This is a hard subject, because – well, it’s personal for me, because I’ve always had attention problems – and only recently truly REALIZED that I have ADHD. I always knew it.. but when I read something about Hyperfocus as a weird kind of side effect a lot of ADHD folks have, where one ‘thing’ gets EXCLUSIVE attention and it leads to a kind of Euphoria feeling…
that’s when I knew I had it ’cause everything else fit already.
So now, I have to learn about attention – not from a “how to cope with ADHD’ website but by plunging into the depths of what current science has to offer.
The funny thing about this:
In my readings and trainings to become a monk, I learned a LOT about Attention, because meditation / prayer requires focus and attention and dealing with distracting thoughts.
So this is a subject I’m very familiar with from the Meditation/prayer techniques of the ancient monks who lived in the caves.
My deepest inspiration was the Philokalia, which is basically about hesychasm (“quietness”), – and is very easy to read and gives boatloads and boatloads of advice on simply: How to Pay attention (be attentive) – because their whole prayer lives are dedicated to that task – and these people would spend LIFETIMES mastering it.
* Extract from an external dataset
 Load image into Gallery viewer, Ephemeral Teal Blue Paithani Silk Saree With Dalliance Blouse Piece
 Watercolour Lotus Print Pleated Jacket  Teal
The surprise to me is that there is SO LITTLE that Science has done in investigating this so far: This barrier between your inner self and your outerself. I mean, there’s psychology techniques – and a lot of techniques which help people with alcoholism and drug abuse, etc – but many of these techniques are practical and not not quite so scientific in basis. They WORK though – that’s the thing – they WORK… but the “What really happens in the brain?” part – scientific community has a long way to go to catch up.
So, I guess what I’m working towards is this:
An ACCURATE, Practical Guide on how to be aware and live, be able to be absorbed in the moment and yet responsive to new stimuli that come at you, either from the inside or outside. Getting things done, sorting out your thoughts (what’s important, what isn;t), how to make quick decisions that are correct… How to edit what you say before you say it… and about a hundred other potentially impossible things.
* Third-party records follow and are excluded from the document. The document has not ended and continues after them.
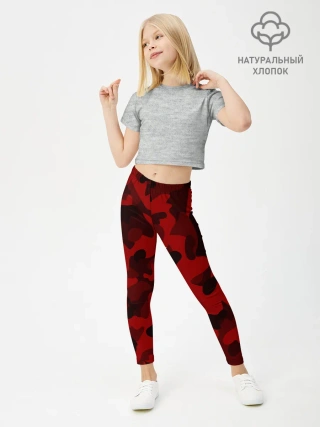 Леггинсы для девочки / RED MILITARY | КРАСНЫЙ КАМУФЛЯЖ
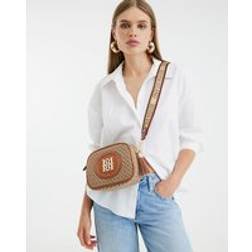 River Island Monogram Cross Body Bag - Beige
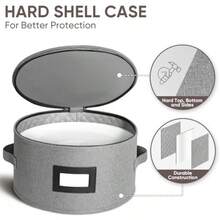 BALEINE Contenedores de almacenamiento de porcelana almacenamiento resistente acolchado para copas de vino organizador de platos con asas de transporte cajas de mudanza para platos s s y - Gris - Ver 4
But mostly iIt’s in the end, a Thought Collector.
I’ve been working on a Thought Collector on and off since I was a teenager. A thread that’s been running through my life. And… realizing that the lifespan of these TYPES of thoughts that I’ve been trying to capture are between 15-20 seconds in duration – MAYBE 30… it helps explain why it has been SO HARD for me to catch them, when I live in a chaotic noisy environment.
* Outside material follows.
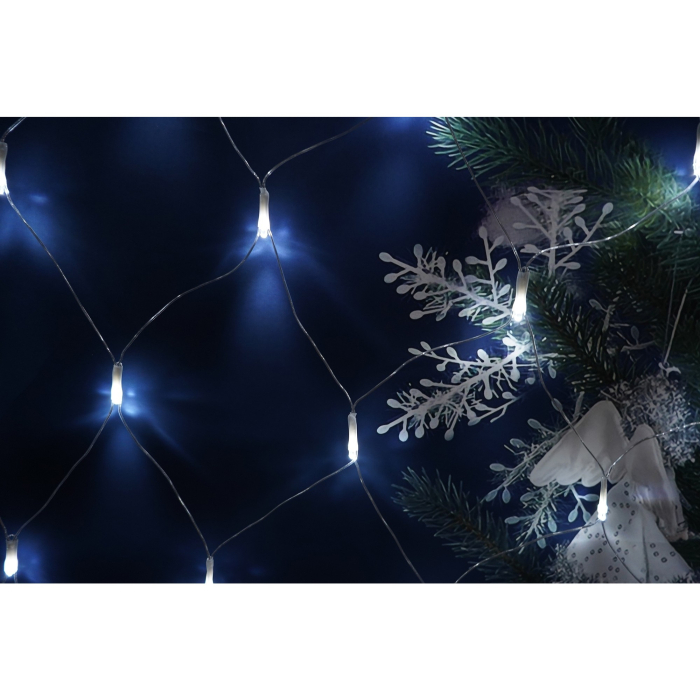 Instalatie de Craciun, ®, Sectiune 2 x 2 m, Tip Plasa, 160 LED-uri, Fara Transformator, IP44, 8 Jocuri de Lumini, Interconectabila, Fir Transparent, Alb Rece [3]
I’ve been chasing after “notions” / “thoughts” that are fleeting, quick, don’t hang around long at all… and I feel a sense of loneliness and emptiness when they’re gone, irretrievable… and happiness when I capture them.
Butterflies of the mind.
Wow… You guys are helping me flesh out my thoughts right now. I think… all this time… I needed an audience who likes me and is interested in my rambling ideas on this – and who I am interested in as well.
Noah and Jim, you are helping me more than you know right now.
I hadn’t realized until now just how important this was to me, because months or years can go by without me working on it. Yet, in a closet, is 5 typewriters. In a drawer are various keyboard-based notetaking devices. I have 3 x5 notepads filled with ideas through the years on various things… index cards… text files – several cassette recorders, microcassette tapes… voice-to-text programs… programs I’ve written in BASIC, Turbo Pascal, on a Sharp Wizard OZ770, a Thought Collector I wrote for Android but never released (voice-to-text with instant feedback – she speaks what you said right after you said it while also catching it in a text file on the droid)… …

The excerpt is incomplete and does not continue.